Per l’Italia il rincaro delle materie prime energetiche è il primo e più pericoloso effetto collaterale della crisi ucraina, i cui effetti andranno ad estendersi anche sulle imprese caratterizzate da un maggior interscambio commerciale con la Russia
Nel 2019, l’Italia ha importato dalla Russia il 35,7% del greggio, oltre il 10% del petrolio raffinato e il 34,9% del gas, per un totale di 16,7 miliardi di dollari, secondo i dati dell’Observatory of economic complexity
L’Alto rappresentante per la politica estera dell’Ue, Josep Borrell ha già preannunciato per la giornata del 22 febbraio l’introduzione delle sanzioni economiche comunitarie ai danni della Russia, per la sua violazione del diritto internazionale. Nel frattempo, i primi carri armati del Cremlino hanno varcato il confine per raggiungere Donetsk, con lo scopo ufficiale di garantire un processo pacifico di transizione politica.
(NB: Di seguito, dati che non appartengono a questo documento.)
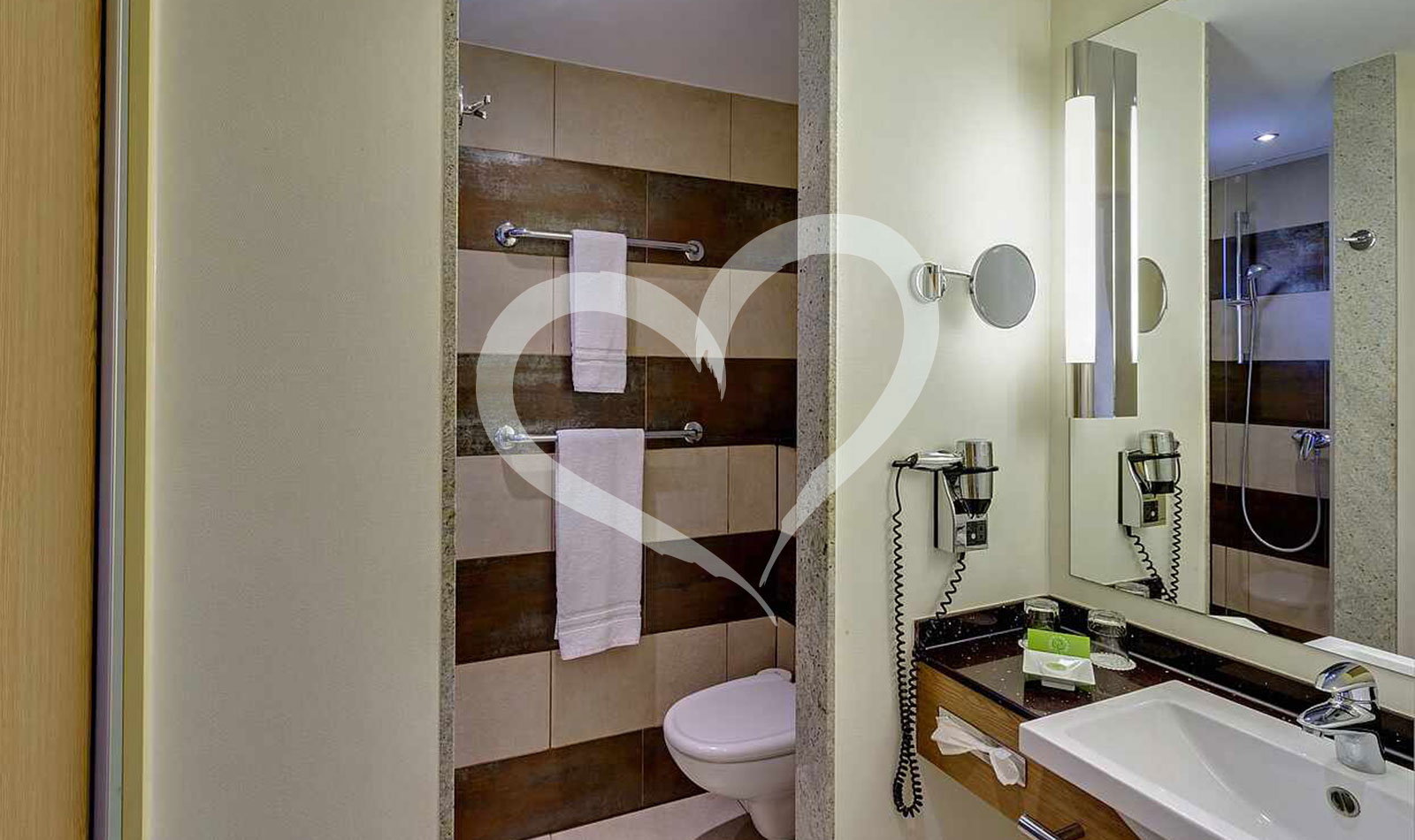 Double Room Roomhopper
Sui mercati si sono ulteriormente amplificati gli effetti già osservati nei giorni che hanno preceduto lo storico discorso di Putin sul riconoscimento delle due autoproclamate repubbliche del Donbass. I metalli preziosi e alcuni metalli di uso industriale (nichel, alluminio) hanno ulteriormente acquisito forza, mentre il prezzo di grano e mais, che vedono la Russia e l’Ucraina fra i primi attori nel commercio internazionale, scontano già l’impatto delle sanzioni economiche.
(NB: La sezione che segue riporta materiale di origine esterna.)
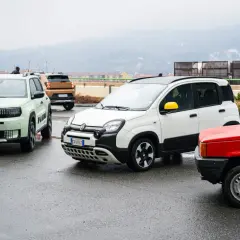Nowe modele Fiat Panda 2025 obok starszych generacji.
Come prevedibile, la nuova fase della crisi ha rafforzato anche alcune delle materie prime energetiche di cui la Russia è grande esportatrice. Il future Ttf sul gas naturale è cresciuto quasi del 9% a quota 80,345 euro, il barile del petrolio Brent è salito invece a un massimo di giornata di 96,44 dollari. Nell’ambito del pacchetto di sanzioni europee in lavorazione, la Germania ha acconsentito al blocco dell’apertura del gasdotto Nord Stream 2 che collega il Paese alla Russia attraverso il Mar Baltico, come fortemente desiderato da Washington.
Sanzioni, le conseguenze per l’Italia
Per l’Italia il rincaro delle materie prime energetiche è il primo e più pericoloso effetto collaterale della crisi ucraina, i cui effetti andranno ad estendersi anche sulle imprese caratterizzate da un maggior interscambio commerciale con la Russia.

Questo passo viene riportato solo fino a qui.